三枚組、三時間弱という大ボリュームだが、デビューシングル「赤色エレジー」から最新配信シングル「るるもっぺべいぶるう」までのバランス良い選曲で、あがたの40年近いキャリアを総括出来る。
長丁場ながらも一定のテンションは持続し続ける貫禄のステージで、これがキャリア中のベストパフォーマンスではないとは思うが、あがたの最大の魅力である決して上手ではないが個性的はで破天荒なヴォーカルが存分に楽しめる。

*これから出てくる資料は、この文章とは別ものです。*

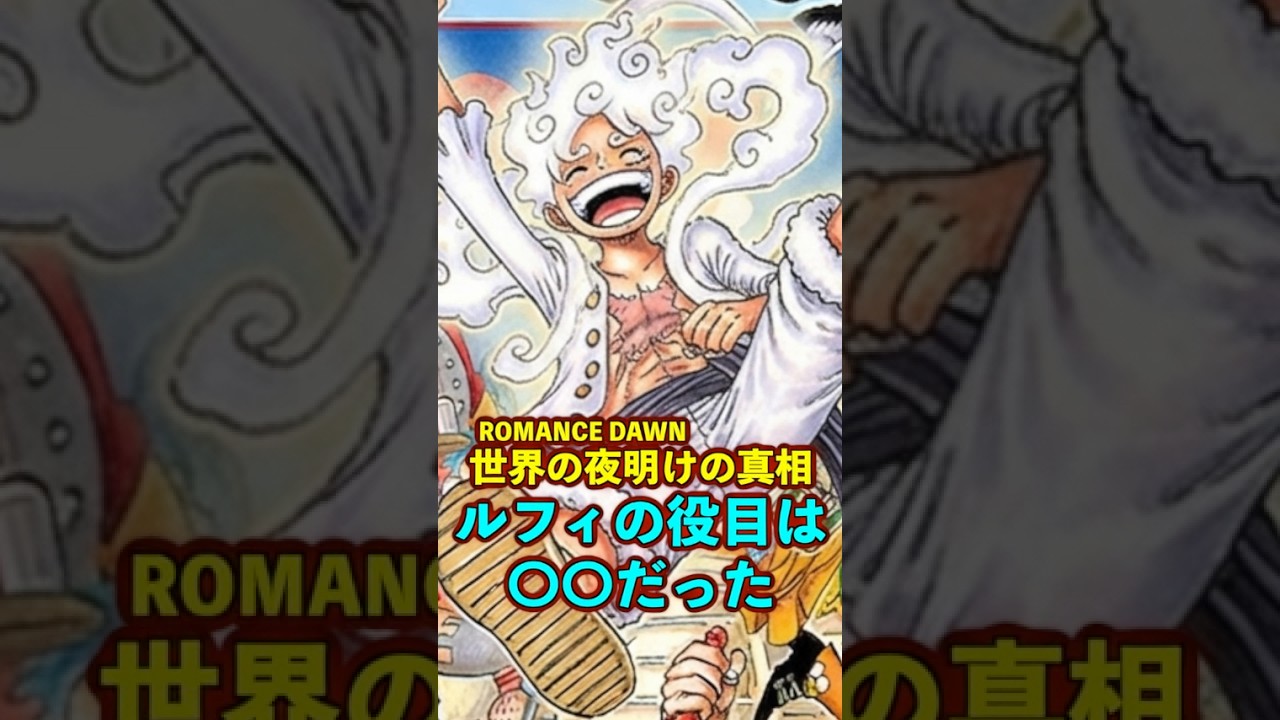 【ワンピース】ROMANCE DAWN“世界の夜明け”とは〇〇だった ※最新話ネタバレ注意 #ワンピース #onepiece #考察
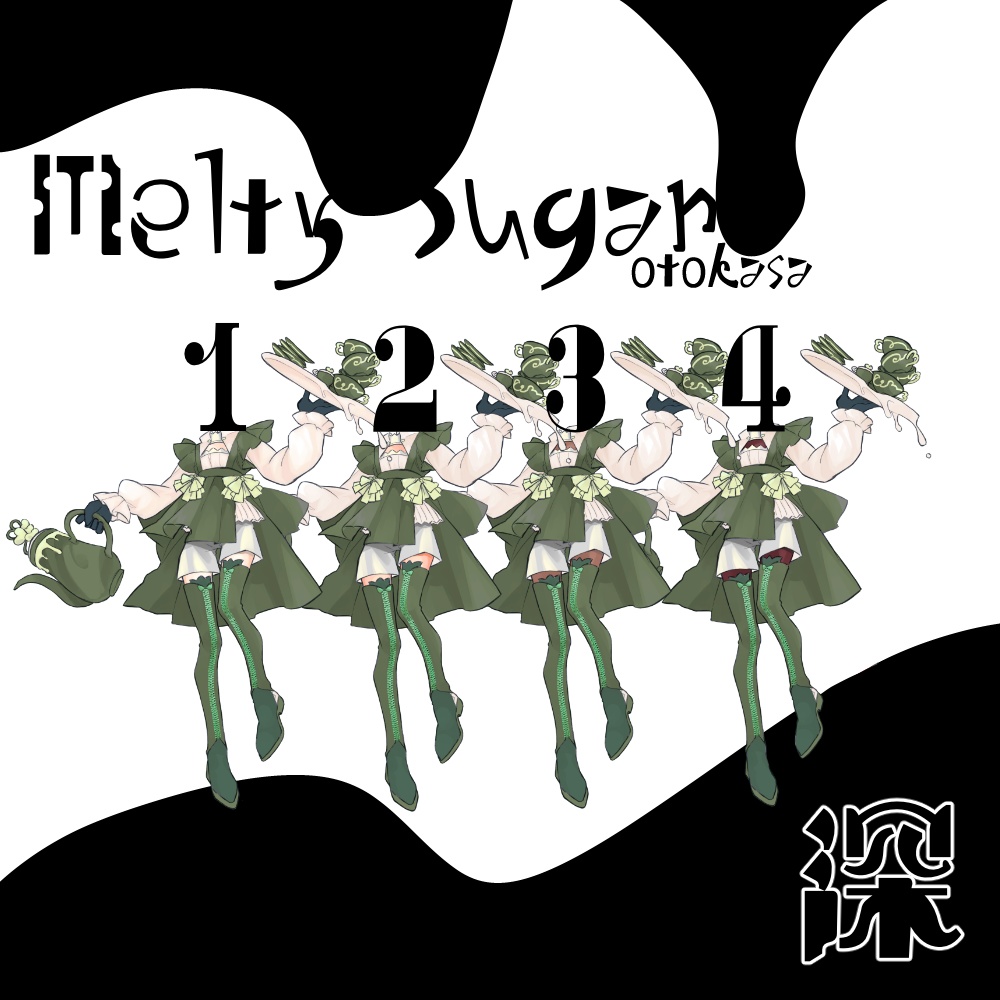 【商用フリー】Melty Sugar【衣装素材】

これまでにリリースされたライブ盤では、どこか固さが見え不完全燃焼気味のパフォーマンスしか聴けなかったが(1978年の発掘音源『永遠の遠国 at 渋谷ジアン・ジアン』を除く)、今作では、丁寧さよりも勢いを重視しての歌唱が際立っている。
初期に活動を共にした「はちみつぱい」のメンバーを中心にした豪華ゲストの中でも、特に際立った個性を発揮していたのが、矢野顕子と緑魔子の女性ヴォーカル陣だろう。
矢野は「サブマリン」「ノオチラス艦長ネモ」「パールデコレーションの庭」「デパートメントストア」に参加。
スタジオ盤でもデュエットした「パールデコレーション」は当然としても、Virgin VSの名曲「デパートメントストア」では、サビ部分のコーラスで主役のあがたを喰う勢いの存在感。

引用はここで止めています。